Comment devient‐on scientifique? (How to Become A Scientist)

Jacques Richardson (Member of foresight's editorial board)

Foresight

ISSN: 1463-6689

Article publication date: 29 August 2008

56

Citation

Richardson, J. (2008), "Comment devient‐on scientifique? (How to Become A Scientist)", Foresight, Vol. 10 No. 5, pp. 68-68. https://doi.org/10.1108/14636680810918540

Publisher

:

Emerald Group Publishing Limited

Copyright © 2008, Emerald Group Publishing Limited


This little book is about assuring a supply of scientifically‐ and mathematically‐trained specialists for the future world of research. Although the text has a French audience in mind, its lessons are applicable in a good many other cultures – notably in developing countries where the opportunities for growing young researchers and technologists are often too limited by local economic conditions.

To celebrate the tricentenary of the birth of the natural taxonomist Buffon, physicist Pierre‐Gilles de Gennes asks (in the book's Preface) four questions bothering young people today. First, is science disliked? Next, is science misunderstood? After, is science badly taught? And last, Is science something alien to culture in general? (De Gennes, a Nobelist in 1991 and a first‐class popularizer of science, died prematurely in 2007).

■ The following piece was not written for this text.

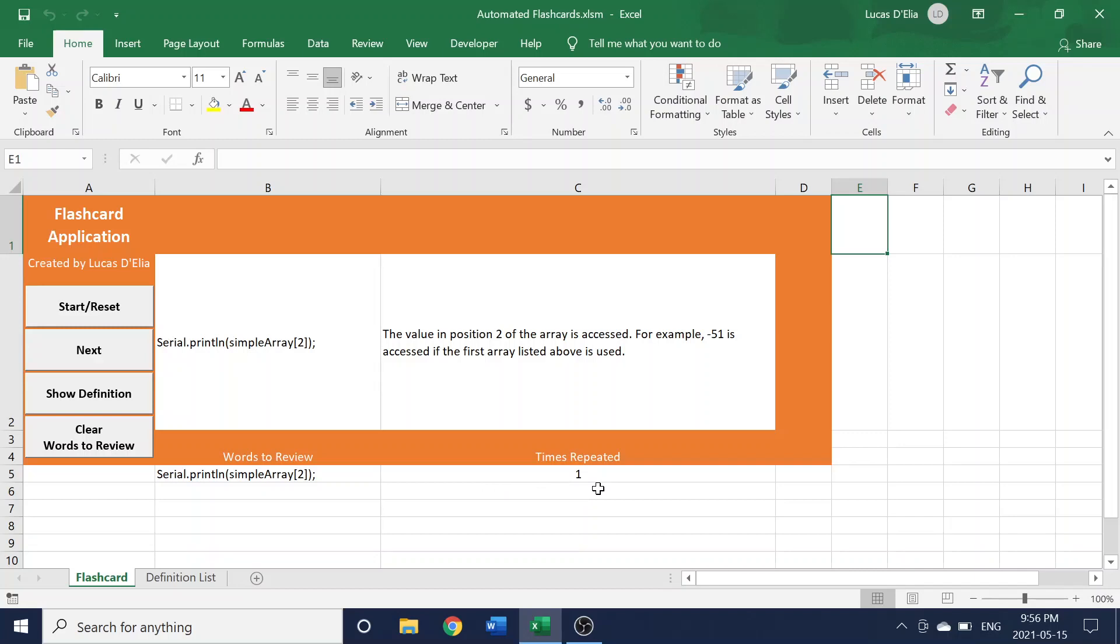If you just wanted to reset this list as well, because let's say you changed entirely what's in the definition list, you can just click the Clear Words to Review button.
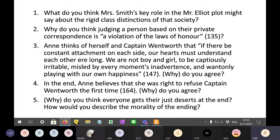And yet this lower-class person played a key role in the Mr. Elliott plot, which involves Mr. Elliott — an upper-class person — and Anne — an upper-class person — and Captain Wentworth, because Anne is caught between these two men. Captain Wentworth is an upper-middle-class person.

Florence Guichard's book tries to answer these queries. It appears at a propitious moment in France when, as in Germany and elsewhere in the European Union, leaders are asking whence an adequate supply of scientists and engineers will come from within ageing populations. This, combined with a pressure in many countries to admit growing numbers of secondary‐school graduates to university, raises issues of finding new recruits for a technical education: a challenge critical for the future of many industrial democracies.

So Guichard, a publisher trained in the sciences, sets out to respond to physicist de Gennes' (and many others') interrogations. His questions prove to be doubly pertinent because in France, as elsewhere among modern societies, bright youngsters tend too often to avoid with a vengeance venturing to a scientific career. Ms Guichard's book is meant primarily to help boys and girls see their future in a different light.

A holistic education in primary and secondary schools is primordial, of course, calling for patient attention from teachers towards youngsters with some affinity for computing and the workings of nature. Personal acquaintance with a scientist may help set up role models for certain youths, as will visits to science museums, fairs, environmental exhibits, even laboratories when possible – as well as listening to radio or watching television programs meant to popularize discovery and innovation. “Science as a spectacle”, the author insists, “marks the memory”: “the beauty of a display and the pleasure of a game” most impress young children” (p. 51).

The author stresses the point that a young person's access to good popularization of science (pp. 67ff.) often spurs a youngster's interest in research as her or his life's work. She specifies at the same time that careers in science may not always pay as well as others. She falls somewhat short of the mark, however in making the bridge between science as intellectual inquisitiveness and technology as science's applications responding to societal needs. The latter implies taking career risks along the way, a hazard that many young French women and (especially) men are reluctant to gamble on.

Success, whether in scientific experiments or with the outcomes of life and livelihood, does require some risk. And taking such chances is endemically part of “how to become a scientist”.